***** Given data *****

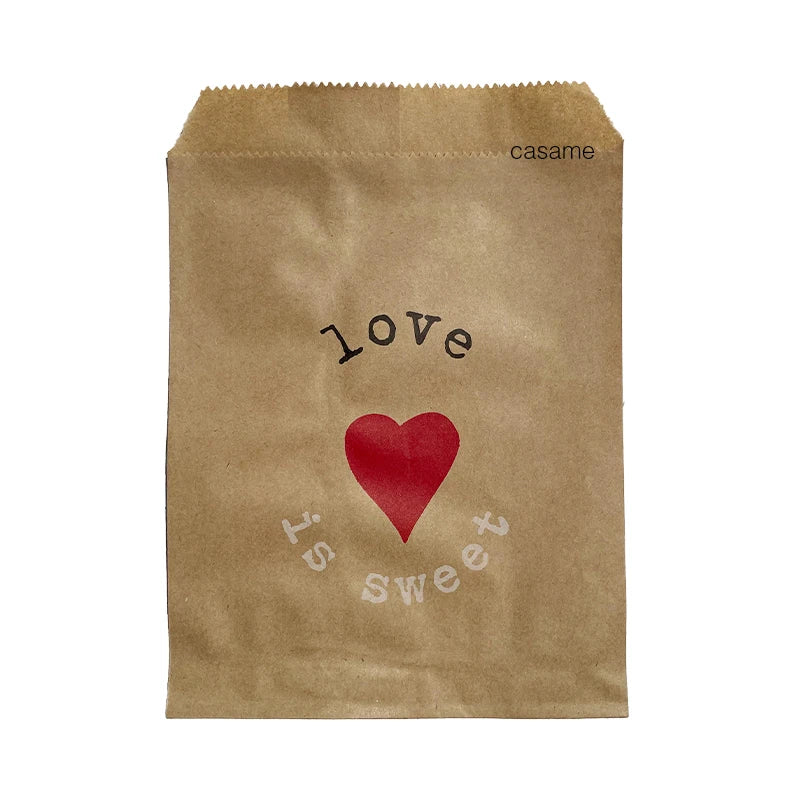 Pochette papier camel "Love is sweet"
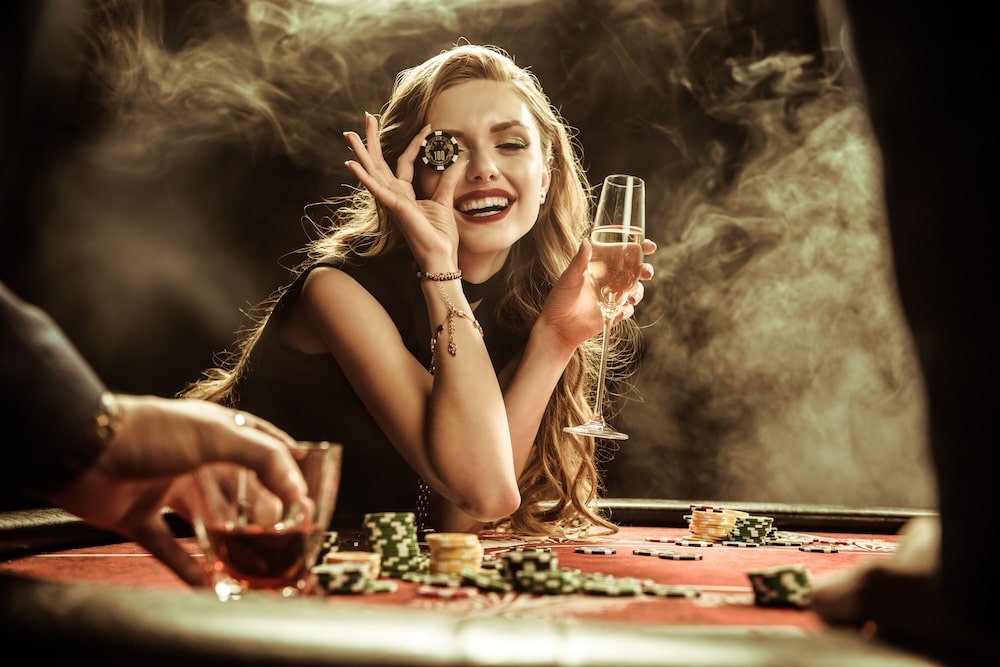 Casino-Spiele können verführerisch sein, ein Spielschutz hilft. Foto: Adobe / LIGHTFIELD STUDIOS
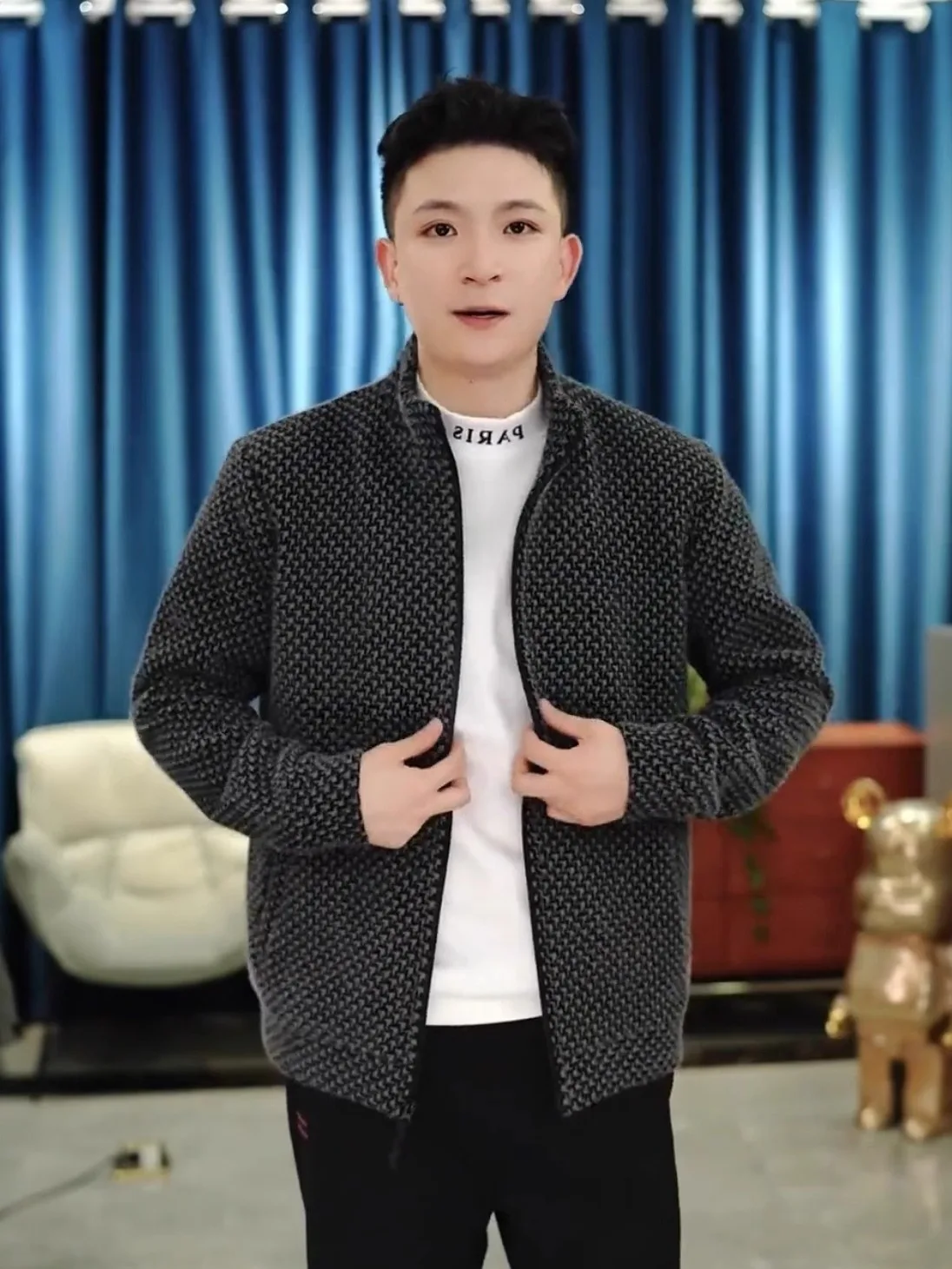 Зимняя утепленная куртка с флисовой подкладкой и воротником-стойкой, мужская модная повседневная куртка с капюшоном, теплая, в стиле ретро, из смесовой хлопковой ткани
Зимняя утепленная куртка с флисовой подкладкой и воротником-стойкой, мужская модная повседневная куртка с капюшоном, теплая, в стиле ретро, из смесовой хлопковой ткани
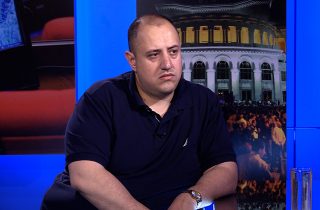 «ԱԺ-ն միակ վայրն է, որտեղ Նիկոլը վեցնոցի իր կարգավիճակից տրանսֆորմացվում է «հաթաթա տվող» ու «սրան-նրան չախող» տղայի. փողոցում դաժան է»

*****

• **What is required**
The answer must be the data above, repeated exactly, with no pictures.

• **Answer box**
 Pochette papier camel "Love is sweet"
 Casino-Spiele können verführerisch sein, ein Spielschutz hilft. Foto: Adobe / LIGHTFIELD STUDIOS
 Зимняя утепленная куртка с флисовой подкладкой и воротником-стойкой, мужская модная повседневная куртка с капюшоном, теплая, в стиле ретро, из смесовой хлопковой ткани
Зимняя утепленная куртка с флисовой подкладкой и воротником-стойкой, мужская модная повседневная куртка с капюшоном, теплая, в стиле ретро, из смесовой хлопковой ткани
 «ԱԺ-ն միակ վայրն է, որտեղ Նիկոլը վեցնոցի իր կարգավիճակից տրանսֆորմացվում է «հաթաթա տվող» ու «սրան-նրան չախող» տղայի. փողոցում դաժան է»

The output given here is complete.